GM 5.7L (346 cu in) firing order — what is it?
Optimizing performance with the GM 5.7L firing order.
If you own a vehicle from GM’s sub-brands powered by a 5.7L V8, you can rest assured that the engine can push some serious mileage. Of course, it had many flaws and perks, but the small-block V8 has always been GM’s masterpiece in various forms.
To help you keep yours running smoothly, our team of dedicated automotive enthusiasts has devised this guide on GM 5.7L (346 cu in) firing order. That way you can hedge those flaws and keep the engine well-maintained yourself, so let’s get right into it.
GM 5.7L firing order
Talking about the small-block V8 version, the GM 5.7L firing order is 1-8-7-2-6-5-4-3, just like for the previous and successor engines of the same type. This makes things more convenient for DIY mechanics since you won’t have to bother about using the wrong firing order of another small block V8.
There are still some details about this engine that we need to discuss so you can use the firing order for the benefit of your car. For starters, the engine is placed longitudinally within the engine bay, which means it’s a regular V8 setup with the left and the right cylinder bank.
We’ll walk you through the cylinder positions of this engine for an easier understanding of what the firing order can help you achieve.
GM 5.7L cylinder diagram
Before using the firing order you first need to identify the engine’s cylinders, and the first one is the key cylinder for getting started. It can easily be found on the right side of the engine or within the right cylinder bank.

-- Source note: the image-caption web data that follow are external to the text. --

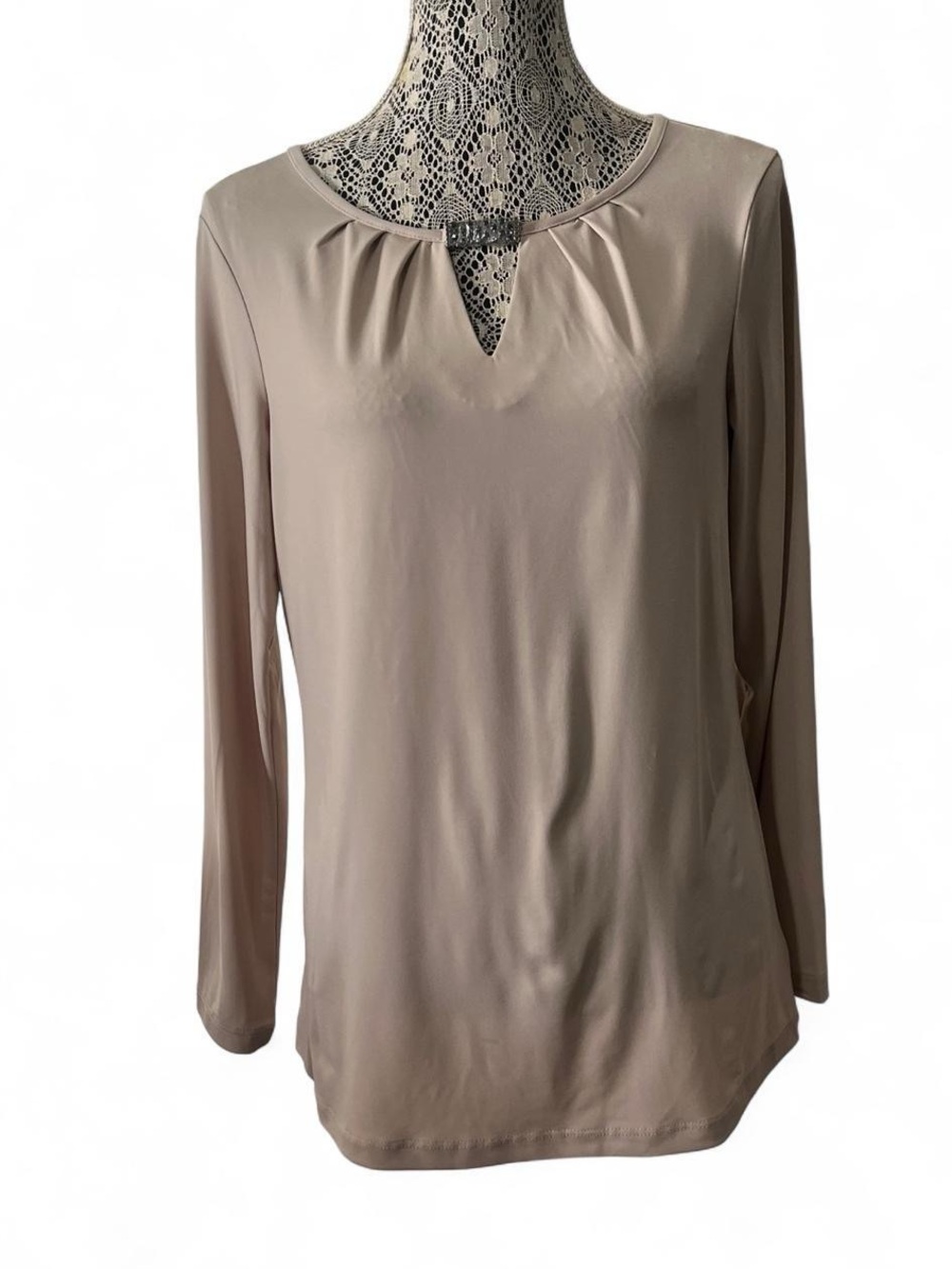 Susan Graver Taupe Long-Sleeve Keyhole Top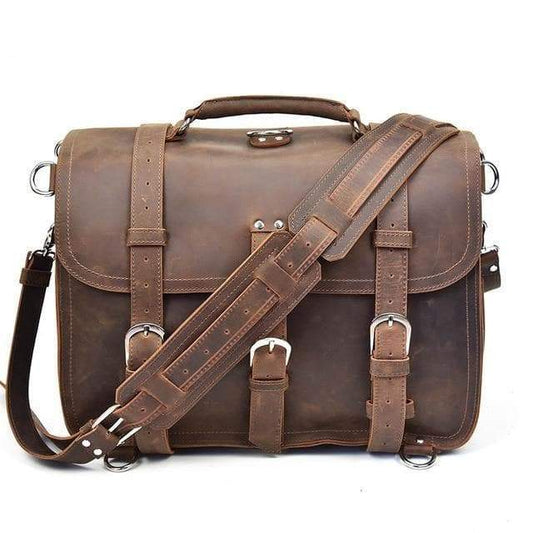 Steel Horse Leather Gustav Messenger Bag | Large Capacity Vintage Leather Messenger Bag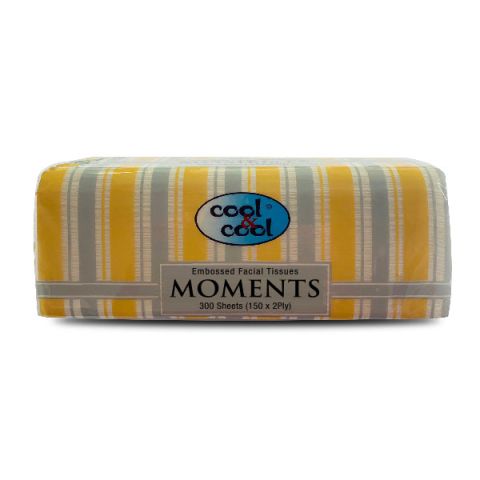 Cool & Cool Moments Premium Facial Tissues, 150x2Ply, 300-Pack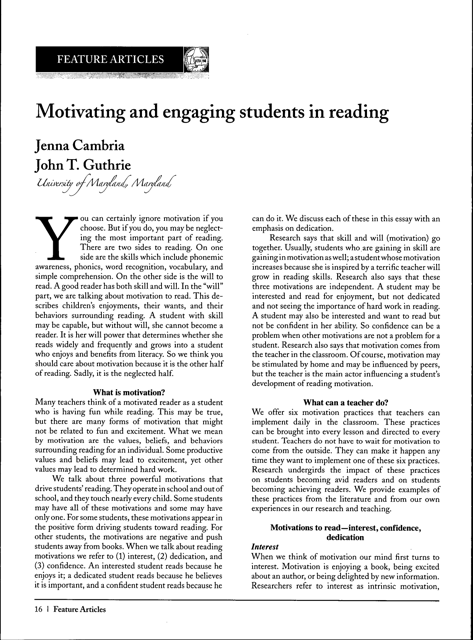 Motivating and Engaging Students in Reading - Jenna Cambria, John T. Guthrie - the Nera Journal - Maryland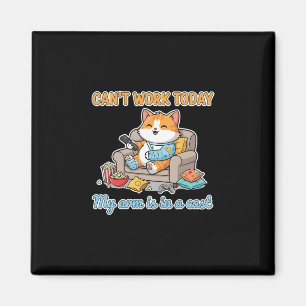 Can’t Work Today Lazy Cat With Cast And Couch Vibe Magnet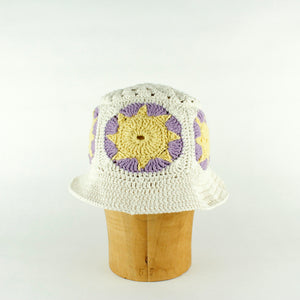 Purple Sun crochet bucket hat by Stina Knits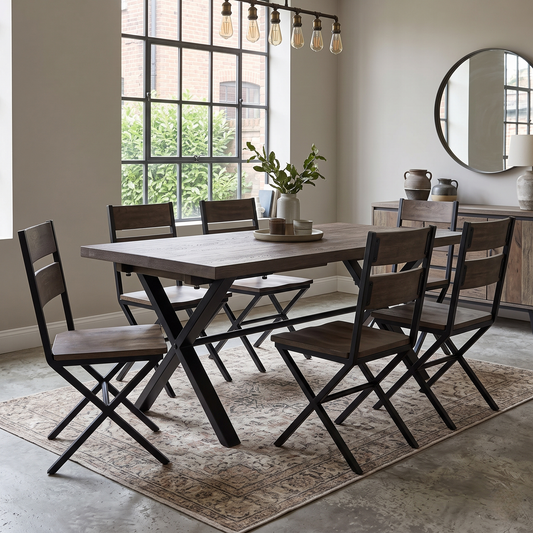 'Mars' Dark Oak Solid Oak 190cm Dining Table with X-Shaped Legs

This bank also houses the cylinders 3, 5, and 7, while the first one is right at the front of it above the crank pulley. The left cylinder bank includes cylinders 2. 4. 6. and 8, front to back. So, this makes it easy for you to apply the firing order properly which includes checking up on each cylinder’s plugs and coils in the exact firing order.
GM 5.7L vehicle applications
The 5.7-liter engine was used from the late 90s to the mid-2000s in various GM family brand models. So, we wanted to give you a complete list with all the models featured to help you figure out if your car’s engine uses the same firing order:
- Chevy Corvette
- Chevy Camaro Z28
- Chevy Camaro SS
- Pontiac Firebird
- Pontiac Trans Am
- Holden Commodore
- Holden Caprice
- Holden Monaro
- Holden Statesman
The engine was also used in high-performance Holden Special Vehicles Y-Series GTS.
Overall, the list of models using this engine settles it for our guide on the GM 5.7-liter V8. We hope you’ve been able to get all the necessary pieces of information to make your small-block V8 run properly for years to come, and remember to consider the cylinder positions laid out in this guide before using the firing order.